* MATERIAL PROVIDED *
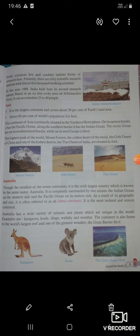On its eastern border, it has the Pacific Ocean, and the southern border is the Indian Ocean. The Arctic Ocean lies on its northernmost border, जबकि इसके west में Europe होता है — while Europe is on its western side.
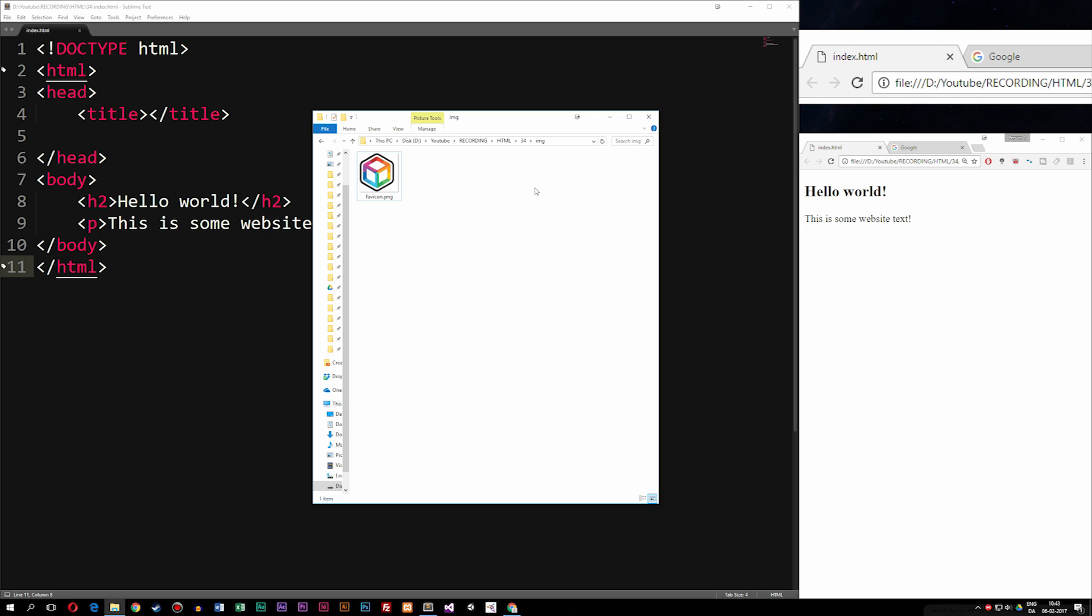So now that we have an image, or at least this image here, which you guys can download in the description of this video if you want to have it just for practice, we're going to insert it inside our website.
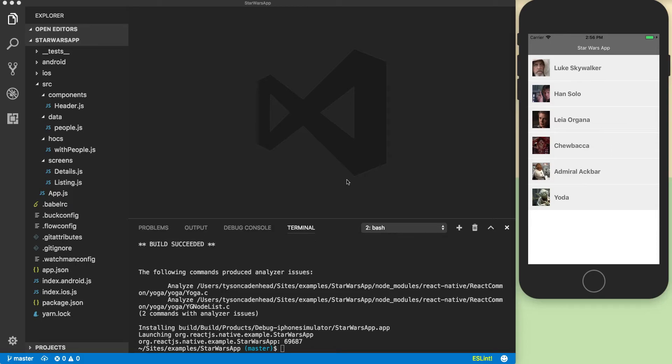Hi, this is Tyson and you're watching another JavaScript vignette. Today we're going to be taking our app we've been working on in previous episodes and we are going to turn it to use styled components instead of the stylesheets that React Native gives you out of the box.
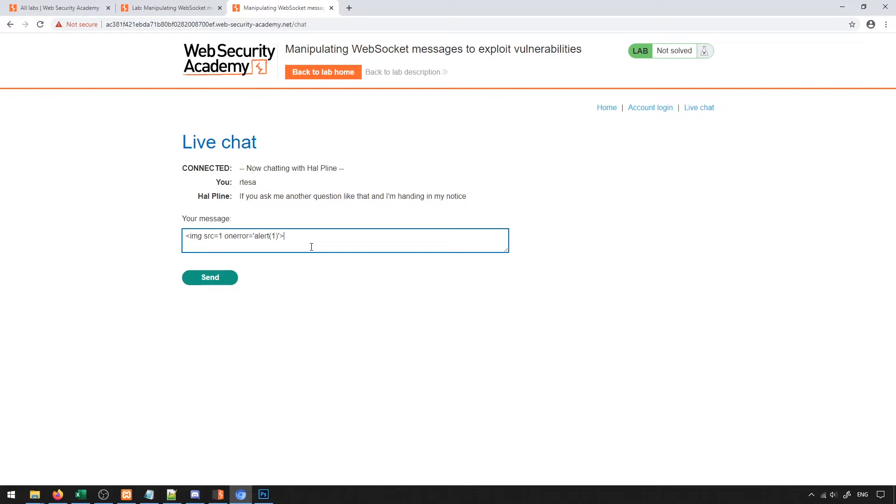This allows me to arbitrarily inject JavaScript to both myself as well as the person that I'm chatting with. This in turn allows us to compromise the system potentially if we have JavaScript code that will allow us to do that. Something like grabbing the cookie from the browser and sending it to a server that we control would be an example of a way that we might be able to do that.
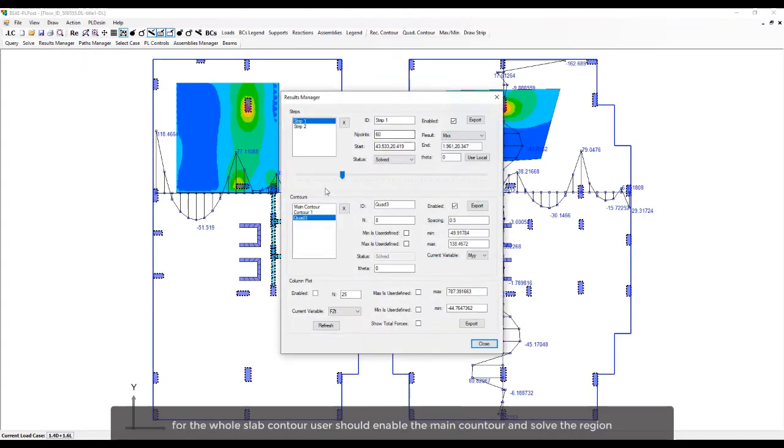For the whole slab contour, users should enable the main contour and solve the region.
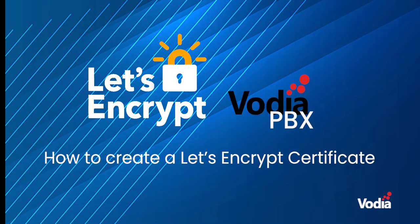Welcome to Vodia Training. In this video, I'll demonstrate how to set up and obtain a free Let's Encrypt certificate for your Vodia PBX domain.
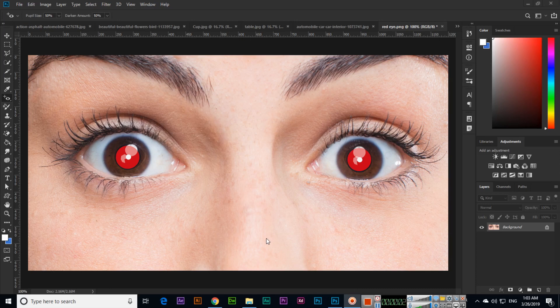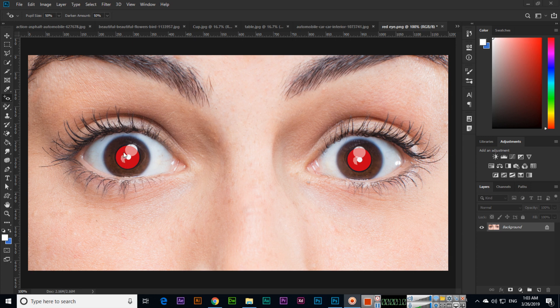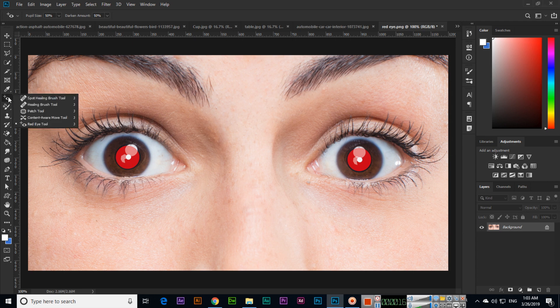Hello students. When we capture an image from a camera, sometimes we can see a red spot in the eye lens. How can we remove this? Just open the image and select the red eye tool.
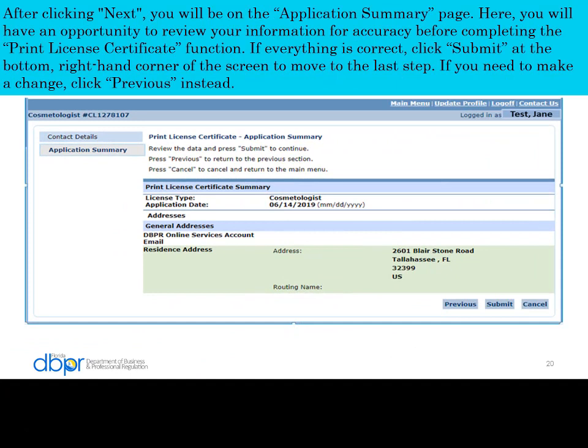After clicking Next, you will be on the application summary page. Here you will have an opportunity to review your information for accuracy. If everything is correct, click Submit to move to the last step. If you need to make a change, click Previous instead.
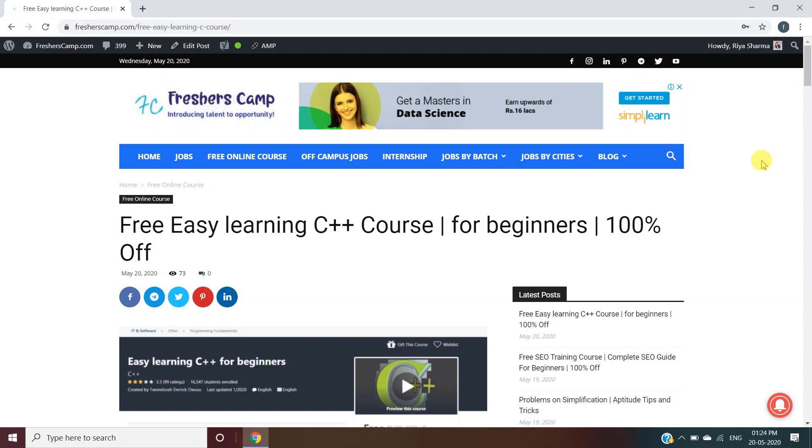Hey guys, welcome to Freshers Camp. We are back with another free online course today, which is a C++ course. Before moving on to the details of the C++ course, let me tell you about our channel. We provide regular updates on government jobs, technical, non-technical, and all other types of job opportunities.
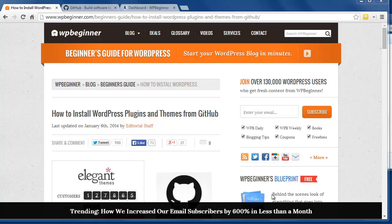GitHub is a project hosting service that many open source projects and developers use. It connects to the Git revision control system and provides tools for collaboration and social networking, so people can follow, collaborate, or store their programming projects on GitHub.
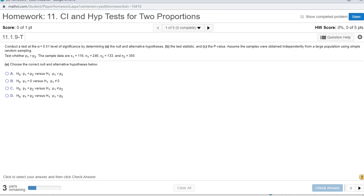Conduct a test at the alpha equals 0.01 level of significance by determining: part A, the null and alternative hypothesis; B, the test statistic; and C, the p-value. Assume samples were obtained independently from a large population using simple random sampling.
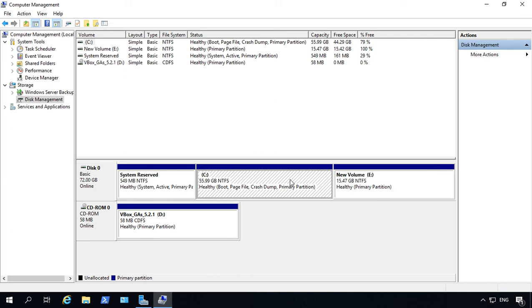So that's how you shrink and extend a partition in Windows Server 2019.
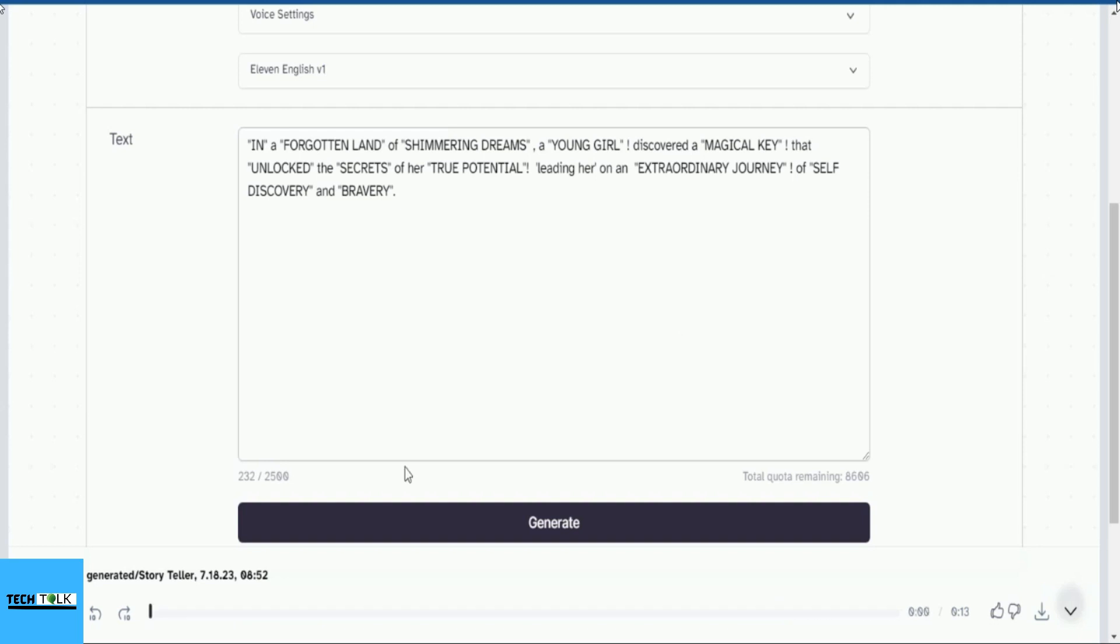All right everyone, you have heard the voices before and after the refinements, with some tricks I used by capitalizing letters and adding double quotes to infuse emotions and feelings into the words. You can have fun and experiment to generate even more natural-sounding voices. Remember, practice makes perfect.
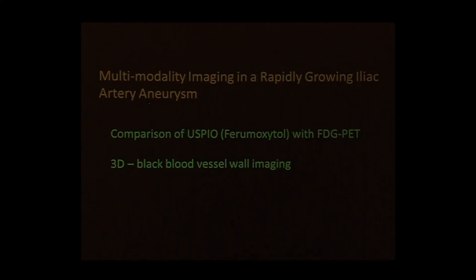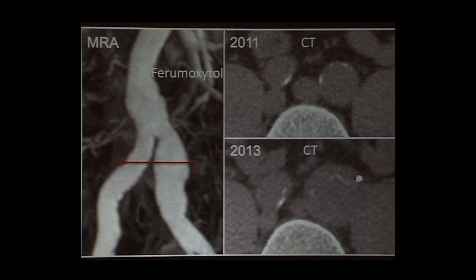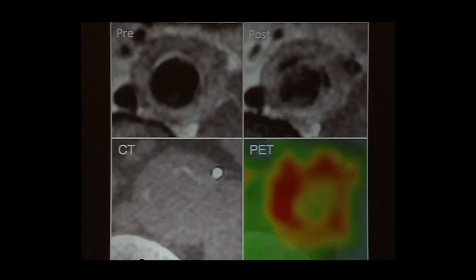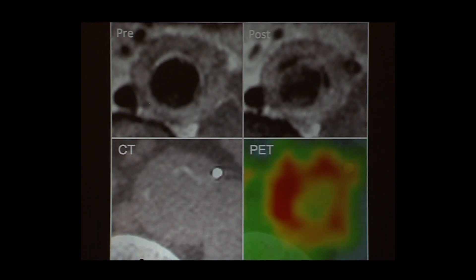In a patient with a very rapidly growing iliac artery aneurysm, we administered ferrimoxetil and also performed FDG PET. The CT angiogram showed substantial aneurysmal wall growth over two years. Pre- and post-ferrimoxetil imaging clearly indicated a region of inflammatory cell activity scavenging macrophages, and the PET scan confirmed that region was strongly metabolically active — a very good correlation between the two modalities.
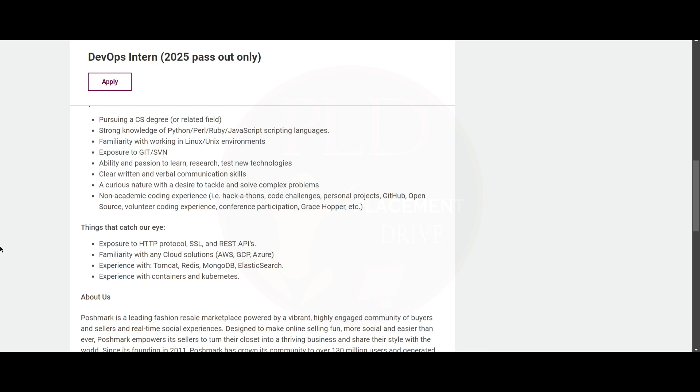You should have exposure to HTTP protocol, SSL, and REST APIs. You should be familiar with cloud solutions such as AWS, GCP, or Azure. You should have experience with Tomcat,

* WORK ITEM *
Please restate the lines above exactly, starting at the first line of the data and stopping at the line containing "So now that", which is included. Omit pictures.

* RESULT OF THE TASK *
On its eastern border, it has the Pacific Ocean, and the southern border is the Indian Ocean. The Arctic Ocean lies on its northernmost border, जबकि इसके west में Europe होता है — while Europe is on its western side.
So now that we have an image, or at least this image here, which you guys can download in the description of this video if you want to have it just for practice, we're going to insert it inside our website.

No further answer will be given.